# Said Goodbye To A Great One



## SuperG (May 11, 2013)

We liberated Kaia this morning from her hardship....it all happened so suddenly but we did send her on her way with some of her nobility intact...we got lucky, I guess.

Kaia was the finest dog to have graced our lives over our past 36 years of having GSDs.

Smart as a whip...loyal as the day is long and protective to a fault almost. I never worried a bit when Kaia was out and about with my wife......that dog looked after my

wife like the best bodyguard one could ask for. I got in on that deal as well but I always insisted I'd protect my Kaia.

It will be awkward going forward without her in so many ways but man was I lucky to have such a wonderful creature to share my life with....I'd like to think she felt the same.

A lot of our success came from this forum and certain people here who shared their experiences and wisdom with me. I'd name names but I think most of those who helped

me along the way know who you are. So....many thanks to those who helped me get the most and BEST out of this magnificent dog.

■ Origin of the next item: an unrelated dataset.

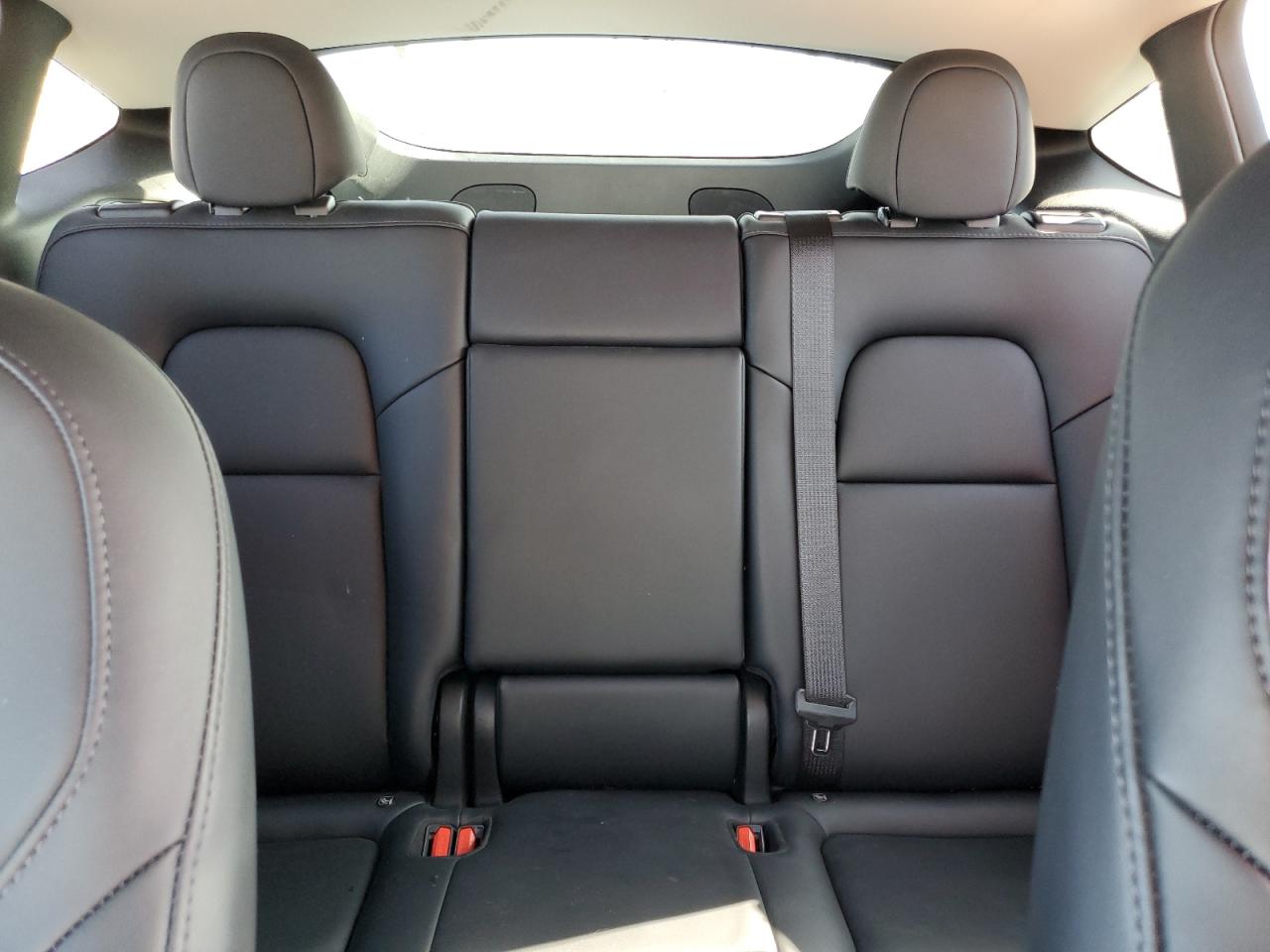 2023 Tesla Model Y VIN: 7SAYGDEE4PA092865 Lot: 90322225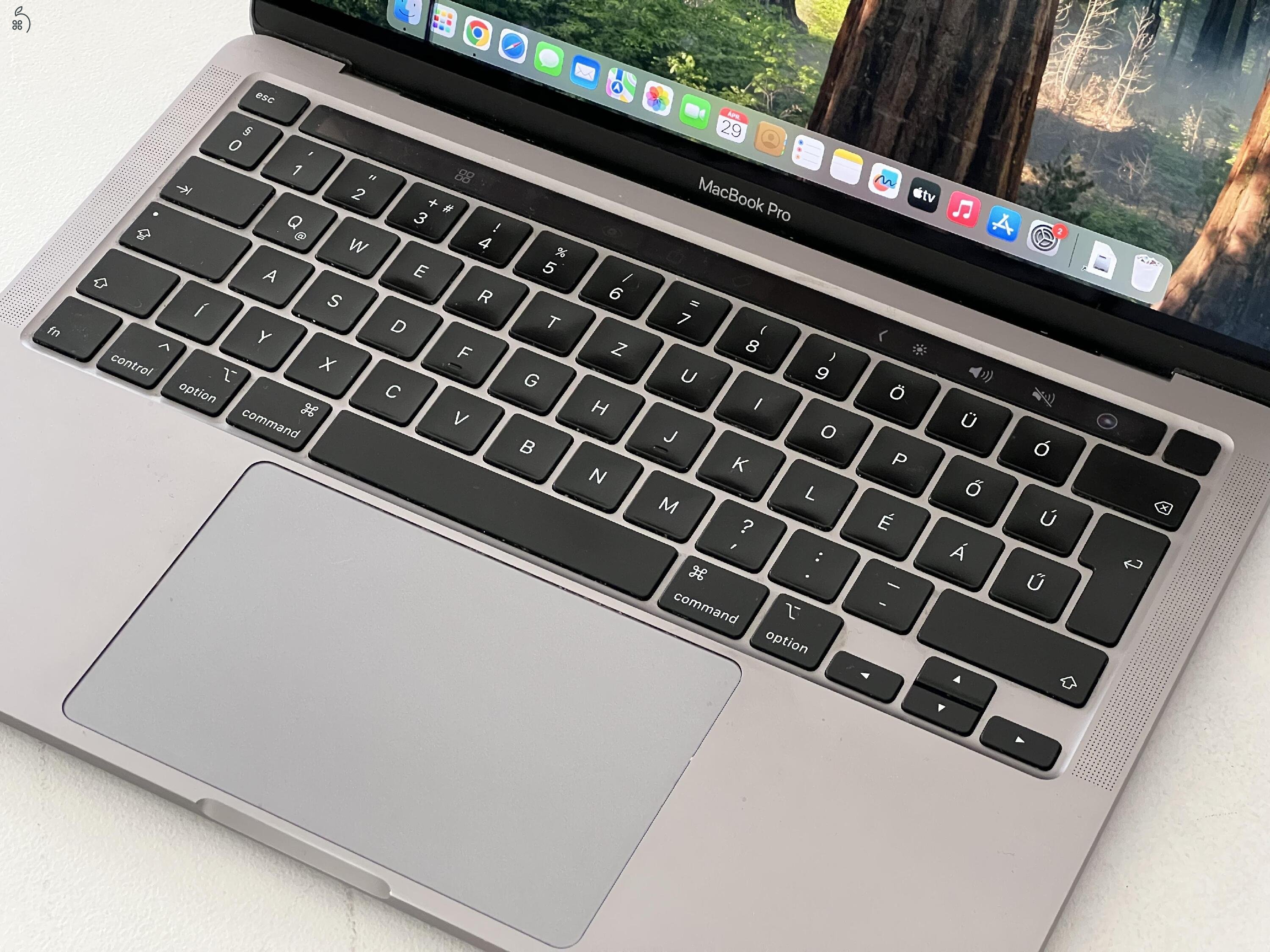 MacBook Pro 13 Touch Bar/QC i5 1.4GHz/16GB/256GB SSD/Intel Iris Plus Graphics 645/Space Grey - HUN KB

It was all so worth it and there is no doubt she filled my life with so much benefit.....and for that I thank her.


SuperG


----------



## finn'smom (Oct 4, 2019)

So sorry for your loss, I suspect Kaia knew just how cherished she was!


----------



## Sunflowers (Feb 17, 2012)

Oh, gosh… I am so very sorry.
Heartbreaking to see dogs I “know” start to go…
Run free, beautiful girl.


----------



## Galathiel (Nov 30, 2012)

So sorry to hear about the loss of your wonderful Kaia. She sounds like she was as beautiful on the inside as she was on the outside.


----------



## cagal (Sep 3, 2013)

I’m so sorry you had to say goodbye to your beautiful dog Kaia. Run free Kaia.


----------



## 3ymum (Oct 12, 2021)

My condolences. She was magnificent.

As loyal and protective as she was, she surely felt the same as you because she knew she was loved.


----------



## tim_s_adams (Aug 9, 2017)

Sorry to hear this G, she sounds like a phenomenal dog! Run free Kaia!


----------



## Sabis mom (Mar 20, 2014)

Well that is heartbreaking. Sorry she had to go. I know she knew she was loved.
A lifetime is not enough.


----------



## dogma13 (Mar 8, 2014)

Awww 😢 So sorry to hear that G.Sincere condolences to you and your wife.


----------



## WNGD (Jan 15, 2005)

Beautiful dog. Thanks you for giving her a wonderful life and I know she returned the favor


----------



## Dunkirk (May 7, 2015)

My deepest sympathies, and respect, for allowing Kaia to go with dignity. I'm so very sorry for your loss.


----------



## doubleroll (Jul 5, 2011)

So sorry for your loss. Prayers to you and your family…


----------



## wolfy dog (Aug 1, 2012)

My condolences for losing your beautiful sweet dog. I know how it breaks your heart. Heal well.


----------



## car2ner (Apr 9, 2014)

We were just thinking about our Big-boy. It is getting to the point were we can normally talk about him without tearing up. 
It will feel odd without your girl for quite some time. So many of us understand. You have a treasure of great memories. If only there was time to make more.


----------



## Jax08 (Feb 13, 2009)

I'm so sorry, G. It just never gets easier. Hugs to all of you.


----------



## Barrie (Jul 5, 2021)

Love and best wishes to you all, and RIP beautiful Kaia. 💜


----------



## SuperG (May 11, 2013)

I appreciate all the supportive replies.......you're all very kind.

Enjoy the day,


SuperG


----------



## SMcN (Feb 12, 2021)

I will add my condolences with the others. Your tribute to your beautiful, exceptional companion was superb. Treasure the memories you made together.


----------



## Cassidy's Mom (Mar 30, 2003)

I’m so sorry. What a gorgeous dog.


----------



## RMK1 (10 mo ago)

Looks like you were all blessed to have each other in your life!


----------



## BCasey199 (11 mo ago)

How magnificent. Take the pain of loss as a fair trade for all the joy and love you gave each other. Hang in there.


----------



## mikegray660 (Jan 31, 2018)

beautiful 
may your heart healing quickly - i'm sure you will cherish the memories of such a magnificent girl


----------



## Saphire (Apr 1, 2005)

I’m so sorry 💔 they are never with us long enough.


----------